И московские люди «откровенно» воевали новгородскую землю...

Что успевало бежать из разоряемых городов, сел, близких и далеких пригородов Господина Великого Новгорода, то бежало в Новгород, заполняя собой и оглашая воплями все его «концы», все улицы, площади, «детинец», Софийскую и торговую стороны; что не могло бежать — погибало или укрывалось по лесам и болотам, «по норам и язвинам, аки лисы, аки зверие, а Сын человеческий, не имевый где главу преклонити»...

А дымный и огненный пояс все более и более затягивался, пожарное кольцо все суживалось, приближаясь к самому Новгороду.

— Видишь, окаянный! — словно помешанный обращался вечевой звонарь к своим единственным собеседникам — к ворону и к вечевому колоколу. — Видишь, человекоядец! Все это за грехи, за наше немоление...

Вопли с каждым днем становились раздирательнее. Люди с отрезанными носами и губами, толкаясь по вечевой площади и по всем улицам и показывая народу свои полузажившие, обезображенные лица, кричали — да как еще страшно, гугнявою речью, приводившею всех в трепет, — горестно кричали о мщении...

— Без лиц люди... Господи! — бормотал звонарь, глядя с своей колокольни на этих «людей без лиц».

Слепой Тиша, встречаясь с кем-либо на улице или на площади, прежде всего лез ощупывать его лицо — цело ли де?

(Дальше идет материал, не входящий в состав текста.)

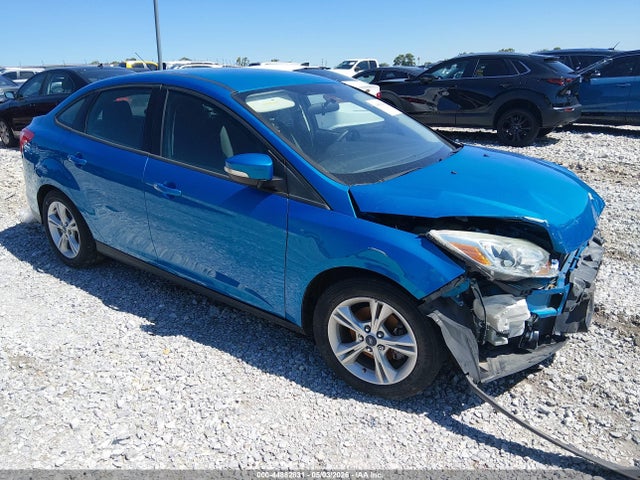 صورة 1 لـ 2014 FORD FOCUS SE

— Образ и подобие Божие урезали, окаянные! — качал он головою, если рука его ощупывала следы московского зверства.

Часто видели посадника, тоже как бы помешанного, который иногда разговаривал сам с собою и беспомощно разводил руками или хватался за свою седую голову... Казалось, что он потерял что-то и напрасно искал...

Иногда видели и несчастную Остромиру, которая ходила по берегу Волхова и тоже как будто искала чего-то потерянного.

— Чево ты ищешь, Остромирушка? — спрашивала ее мать.

— Христа ищу... Взяли Христа — и не знаю, где положили его, — отвечала несчастная. — Нету Христа — некому молиться... Ах, скоро ли радуница? Може, найду...

Ее уводили домой, служили молебны, кропили святою водой; но ничто не помогало. От креста она с боязнью отстранялась, лишь только чувствовала прикосновение к губам холодного серебра Распятия...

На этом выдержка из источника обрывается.